Es un lugar común que al finalizar un evento importante se haga una reflexión, un análisis..., y no vamos a ser la excepción. Quiero sumar mi visión sobre lo que aconteció en materia de danza en el FIBA recién pasado.
Primero, voy a compartir mi opinión general, que enmarcará el resto de los comentarios. Si bien hay dos motivos de celebración, cuales son, en primer lugar, el hecho de que el Festival Internacional de Buenos Aires siga en pie, a pesar de la discontinuidad de las políticas culturales generales llevadas a cabo hasta el ascenso del actual gobierno porteño -cierres de espacios culturales comunitarios y centros culturales barriales, reducción de festivales, pauperización del presupuesto para la cultura, problemas de todo orden en la remodelación del Teatro Colón, etc.-; y, en segundo término, que éste haya sido un Festival organizado por dos teatristas en plena vigencia, algo sumamente interesante, puesto que impone una mirada artística particular y contemporánea a la selección.
Con explicaciones muy lógicas de tipo ideológico y económico, se trajo del mundo, para la observancia del público porteño y de los visitantes de la ciudad, un grupo de obras escénicas y de autores que pertenecen a lo que acá llamaríamos del off, los experimentales, los emergentes, sobre todo con una producción extremadamente intelectual, informada o actualizada.
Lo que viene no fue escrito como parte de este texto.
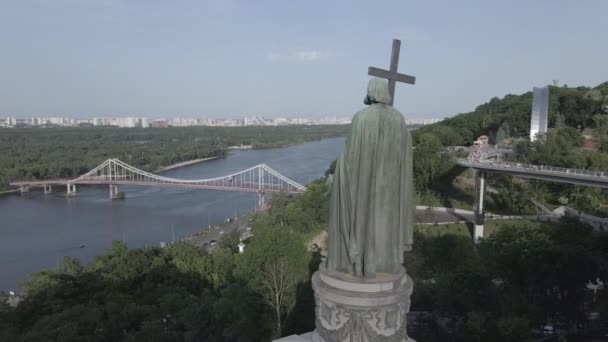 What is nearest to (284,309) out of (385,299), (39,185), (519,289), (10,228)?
(519,289)

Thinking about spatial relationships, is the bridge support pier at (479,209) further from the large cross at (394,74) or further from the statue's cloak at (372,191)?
the statue's cloak at (372,191)

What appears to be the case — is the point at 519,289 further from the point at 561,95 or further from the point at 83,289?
the point at 561,95

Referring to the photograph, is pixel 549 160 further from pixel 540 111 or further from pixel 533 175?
pixel 540 111

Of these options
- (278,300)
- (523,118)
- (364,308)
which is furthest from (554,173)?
(523,118)

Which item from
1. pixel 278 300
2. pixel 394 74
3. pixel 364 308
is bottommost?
pixel 278 300

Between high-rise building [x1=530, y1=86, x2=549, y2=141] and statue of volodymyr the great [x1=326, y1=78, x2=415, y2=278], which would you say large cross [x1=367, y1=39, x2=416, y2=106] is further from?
high-rise building [x1=530, y1=86, x2=549, y2=141]

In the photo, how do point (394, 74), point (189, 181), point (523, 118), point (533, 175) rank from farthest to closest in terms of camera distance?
1. point (523, 118)
2. point (189, 181)
3. point (533, 175)
4. point (394, 74)

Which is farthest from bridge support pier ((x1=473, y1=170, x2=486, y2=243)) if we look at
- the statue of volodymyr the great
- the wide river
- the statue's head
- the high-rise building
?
the statue's head

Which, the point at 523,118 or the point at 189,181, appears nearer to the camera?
the point at 189,181

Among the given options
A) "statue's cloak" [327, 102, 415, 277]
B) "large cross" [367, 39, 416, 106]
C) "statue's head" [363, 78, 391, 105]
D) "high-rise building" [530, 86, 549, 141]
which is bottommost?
"statue's cloak" [327, 102, 415, 277] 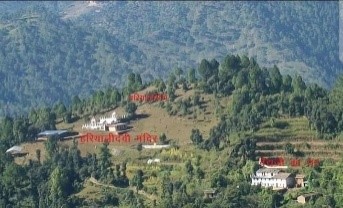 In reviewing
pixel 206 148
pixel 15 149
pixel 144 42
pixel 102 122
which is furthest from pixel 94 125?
pixel 144 42

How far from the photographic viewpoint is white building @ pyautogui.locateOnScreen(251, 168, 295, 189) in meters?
61.1

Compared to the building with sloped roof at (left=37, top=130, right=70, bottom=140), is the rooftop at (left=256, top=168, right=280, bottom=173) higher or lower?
lower

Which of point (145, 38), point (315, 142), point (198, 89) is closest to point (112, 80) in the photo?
point (145, 38)

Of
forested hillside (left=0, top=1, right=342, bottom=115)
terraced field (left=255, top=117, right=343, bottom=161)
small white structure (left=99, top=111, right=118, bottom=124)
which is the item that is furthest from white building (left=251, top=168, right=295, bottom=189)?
forested hillside (left=0, top=1, right=342, bottom=115)

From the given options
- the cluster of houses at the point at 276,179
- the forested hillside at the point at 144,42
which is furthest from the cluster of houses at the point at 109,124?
the forested hillside at the point at 144,42

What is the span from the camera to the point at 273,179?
61.2 m

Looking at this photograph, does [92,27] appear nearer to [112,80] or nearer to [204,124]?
[112,80]

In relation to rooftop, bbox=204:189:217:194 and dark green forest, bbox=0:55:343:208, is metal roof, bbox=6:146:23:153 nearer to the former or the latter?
dark green forest, bbox=0:55:343:208

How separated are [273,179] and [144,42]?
85.8 meters

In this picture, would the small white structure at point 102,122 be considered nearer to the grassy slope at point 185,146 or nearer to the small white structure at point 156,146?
the grassy slope at point 185,146

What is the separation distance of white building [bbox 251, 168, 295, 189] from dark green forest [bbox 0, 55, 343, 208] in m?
0.50

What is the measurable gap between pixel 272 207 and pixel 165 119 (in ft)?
43.5

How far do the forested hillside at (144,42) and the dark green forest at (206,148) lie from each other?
45173mm

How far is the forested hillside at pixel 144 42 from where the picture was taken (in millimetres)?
131500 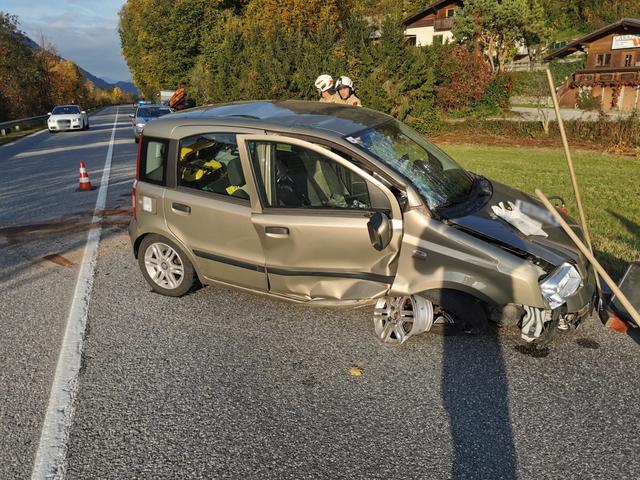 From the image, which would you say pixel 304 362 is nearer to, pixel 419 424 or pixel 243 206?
pixel 419 424

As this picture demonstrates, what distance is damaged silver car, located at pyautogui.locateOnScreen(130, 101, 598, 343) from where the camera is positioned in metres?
3.94

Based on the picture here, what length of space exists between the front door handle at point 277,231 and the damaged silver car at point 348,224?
0.02 meters

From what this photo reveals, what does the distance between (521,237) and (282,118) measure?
2.18 metres

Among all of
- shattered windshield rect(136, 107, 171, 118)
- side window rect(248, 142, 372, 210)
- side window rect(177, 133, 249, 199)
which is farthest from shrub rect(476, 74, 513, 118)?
side window rect(248, 142, 372, 210)

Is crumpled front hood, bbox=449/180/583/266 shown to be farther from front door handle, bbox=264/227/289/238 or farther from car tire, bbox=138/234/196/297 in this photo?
car tire, bbox=138/234/196/297

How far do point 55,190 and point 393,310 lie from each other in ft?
30.8

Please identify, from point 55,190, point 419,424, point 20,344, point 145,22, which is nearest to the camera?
point 419,424

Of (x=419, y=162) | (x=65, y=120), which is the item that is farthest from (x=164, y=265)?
(x=65, y=120)

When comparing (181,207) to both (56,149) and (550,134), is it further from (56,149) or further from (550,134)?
(56,149)

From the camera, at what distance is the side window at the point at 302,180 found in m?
4.37

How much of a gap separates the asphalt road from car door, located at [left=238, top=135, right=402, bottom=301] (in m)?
0.46

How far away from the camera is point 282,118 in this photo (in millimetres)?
4711

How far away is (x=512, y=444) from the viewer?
312 cm

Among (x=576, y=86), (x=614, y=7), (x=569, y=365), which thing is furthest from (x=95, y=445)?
(x=614, y=7)
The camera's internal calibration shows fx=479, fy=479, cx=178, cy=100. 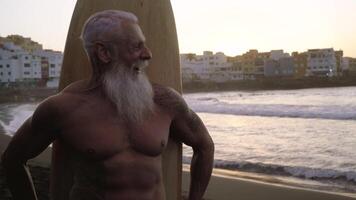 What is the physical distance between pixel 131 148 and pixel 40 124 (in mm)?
378

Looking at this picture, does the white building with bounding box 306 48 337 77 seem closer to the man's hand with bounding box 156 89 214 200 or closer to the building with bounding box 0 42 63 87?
the building with bounding box 0 42 63 87

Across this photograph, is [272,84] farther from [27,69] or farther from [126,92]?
[126,92]

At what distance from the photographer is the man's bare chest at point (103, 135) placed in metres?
1.92

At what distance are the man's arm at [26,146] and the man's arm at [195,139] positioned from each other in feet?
1.80

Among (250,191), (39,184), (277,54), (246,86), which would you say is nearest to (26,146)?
(39,184)

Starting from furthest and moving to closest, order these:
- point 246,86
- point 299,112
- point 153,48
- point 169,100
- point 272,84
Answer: point 246,86 → point 272,84 → point 299,112 → point 153,48 → point 169,100

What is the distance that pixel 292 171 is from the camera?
34.1 feet

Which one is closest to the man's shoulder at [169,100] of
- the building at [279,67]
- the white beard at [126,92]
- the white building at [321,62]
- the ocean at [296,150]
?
Result: the white beard at [126,92]

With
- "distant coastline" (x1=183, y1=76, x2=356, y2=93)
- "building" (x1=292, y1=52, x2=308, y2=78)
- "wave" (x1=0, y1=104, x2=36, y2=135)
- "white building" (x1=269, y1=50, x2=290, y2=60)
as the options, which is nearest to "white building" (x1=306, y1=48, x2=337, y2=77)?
"building" (x1=292, y1=52, x2=308, y2=78)

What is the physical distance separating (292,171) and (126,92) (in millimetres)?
8956

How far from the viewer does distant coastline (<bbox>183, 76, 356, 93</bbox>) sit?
88312mm

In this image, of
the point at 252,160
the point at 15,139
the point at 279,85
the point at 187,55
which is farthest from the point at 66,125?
the point at 187,55

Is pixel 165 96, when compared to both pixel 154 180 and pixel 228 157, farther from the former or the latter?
pixel 228 157

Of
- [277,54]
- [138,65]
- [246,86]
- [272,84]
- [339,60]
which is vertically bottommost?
[246,86] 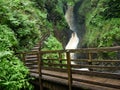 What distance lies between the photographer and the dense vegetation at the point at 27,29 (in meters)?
10.7

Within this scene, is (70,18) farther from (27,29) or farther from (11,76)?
(11,76)

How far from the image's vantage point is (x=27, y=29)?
1750 centimetres

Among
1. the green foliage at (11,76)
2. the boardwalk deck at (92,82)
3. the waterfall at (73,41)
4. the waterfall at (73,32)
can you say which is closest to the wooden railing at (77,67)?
the boardwalk deck at (92,82)

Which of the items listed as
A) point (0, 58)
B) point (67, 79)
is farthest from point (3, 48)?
point (67, 79)

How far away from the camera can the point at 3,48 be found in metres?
12.4

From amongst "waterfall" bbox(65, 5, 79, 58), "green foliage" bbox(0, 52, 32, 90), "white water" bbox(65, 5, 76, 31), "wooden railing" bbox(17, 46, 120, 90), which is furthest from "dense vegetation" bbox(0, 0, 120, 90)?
"white water" bbox(65, 5, 76, 31)

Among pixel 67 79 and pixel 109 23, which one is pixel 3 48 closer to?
pixel 67 79

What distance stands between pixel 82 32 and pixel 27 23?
53.2 feet

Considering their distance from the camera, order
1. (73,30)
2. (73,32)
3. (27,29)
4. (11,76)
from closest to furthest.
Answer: (11,76) → (27,29) → (73,32) → (73,30)

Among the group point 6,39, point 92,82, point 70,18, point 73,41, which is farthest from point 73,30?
point 92,82

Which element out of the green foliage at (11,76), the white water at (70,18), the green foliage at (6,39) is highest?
the white water at (70,18)

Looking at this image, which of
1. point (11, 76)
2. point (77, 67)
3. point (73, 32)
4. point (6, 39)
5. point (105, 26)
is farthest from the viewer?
point (73, 32)

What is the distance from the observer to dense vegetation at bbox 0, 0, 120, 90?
10.7 meters

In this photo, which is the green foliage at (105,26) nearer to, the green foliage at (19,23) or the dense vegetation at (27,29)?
the dense vegetation at (27,29) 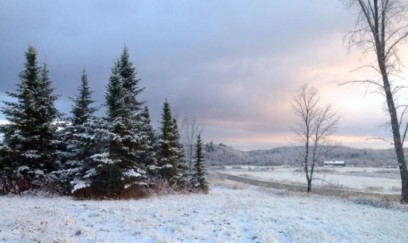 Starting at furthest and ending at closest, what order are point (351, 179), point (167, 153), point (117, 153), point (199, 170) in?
point (351, 179) < point (199, 170) < point (167, 153) < point (117, 153)

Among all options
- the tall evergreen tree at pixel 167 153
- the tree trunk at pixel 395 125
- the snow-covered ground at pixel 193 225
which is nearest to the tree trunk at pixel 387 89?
the tree trunk at pixel 395 125

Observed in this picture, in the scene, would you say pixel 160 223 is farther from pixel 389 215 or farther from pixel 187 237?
pixel 389 215

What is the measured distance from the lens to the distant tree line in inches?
756

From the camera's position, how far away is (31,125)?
21219 millimetres

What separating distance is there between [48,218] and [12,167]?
1228cm

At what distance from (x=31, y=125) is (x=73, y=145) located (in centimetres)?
287

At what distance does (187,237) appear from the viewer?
8.95m

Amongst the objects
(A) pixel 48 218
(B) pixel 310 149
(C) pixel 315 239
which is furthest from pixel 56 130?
(B) pixel 310 149

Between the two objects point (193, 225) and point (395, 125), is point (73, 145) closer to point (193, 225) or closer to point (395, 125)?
point (193, 225)

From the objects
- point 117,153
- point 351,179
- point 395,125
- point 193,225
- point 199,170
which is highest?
point 395,125

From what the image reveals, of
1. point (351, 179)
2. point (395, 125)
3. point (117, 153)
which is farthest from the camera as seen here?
point (351, 179)

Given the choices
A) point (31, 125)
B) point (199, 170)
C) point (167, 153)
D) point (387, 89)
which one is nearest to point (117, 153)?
point (31, 125)

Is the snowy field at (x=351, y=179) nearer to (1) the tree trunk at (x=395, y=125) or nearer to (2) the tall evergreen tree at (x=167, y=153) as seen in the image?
(2) the tall evergreen tree at (x=167, y=153)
Es decir, se trajo un tipo de obras para ser analizadas en las escuelas de teatro, en los grupos de estudio o similares círculos existentes y de todos los colores, en nuestro medio.
Este criterio, si bien parece ser novedoso y arriesgado, encierra dos injusticias que hacen ruido. Por un lado, el FIBA es como muchos festivales en el mundo y en el país: una plataforma de muestra de la creatividad y el talento de jóvenes creadores, así como también la oportunidad para que éstos y el público en general, que no podría de otra manera presenciar las obras de los consagrados, tengan esa opción, ya que un viaje a Europa o Asia se hace cada vez más lejano. Pero además, una programación tan elitista -se dice que el arte lo es, pero a veces es necesario equilibrar gustos con información- pagada con el dinero público de una ciudad tan poblada como ésta, no deja de ser una triste paradoja.
De todos modos, fueron dos semanas de mucha actividad, y la programación fue nutrida hasta en lo nacional.
A nivel cuantitativo -es obvio porque siempre lo ha sido- la danza no tuvo quizá ni un cuarto de la cantidad de obras y, a diferencia del teatro, la programación fue bastante ortodoxa. En lo nacional como lo internacional se vieron obras que, en su mayoría, o son de probada eficacia, de lenguajes ya harto vistos, o de artistas consagrados, programados y viajados. Es mi opinión que no hubo lo que se buscaba en la base de la selección del FIBA, es decir el diálogo entre modos de hacer, entre búsquedas más allá del camino trazado por las viejas generaciones. Quizás la excepción fue la obra de la uruguaya Tamara Cubas, ATP, y, en lo local, Domingo, de Eleonora Comelli. Y esto más allá de los juicios de gusto posibles. E imposibles.
Pero me voy a detener en los invitados internacionales.
Extraño me pareció el mal recibimiento que se le dio al programa doble Stravinsky Evening de los finlandeses comandados por Tero Saarinen (Helsinki, Finlandia). Tal vez haya sido el grupo más marcadamente tradicionalista. Pero eso tenía la ventaja, a mi parecer, de cotejar lenguajes, modos de acción y reacción. Y además la versión de La consagración de la primavera, coreografiada y bailada por el mismo Saarinen, está considerada una de las más importantes en honor a la genial obra de Igor Stravinsky, por su interpretación masculina, por la conexión con lo onírico más que con lo ritual, por su homenaje al expresionismo asociado al teatro de danza de Kurt Joos, como ejemplos. Para el objetivo pedagógico, que fue base de esta edición del Festival, encontré esta invitación muy adecuada, y me pareció -insisto- extraña la recepción que le hizo, sobre todo, el medio de la danza local, tachándola de anticuado o de mediocre, subestimándola en la comparación con la versión tan conocida y querida de Pina Bausch, muy diferente por cierto.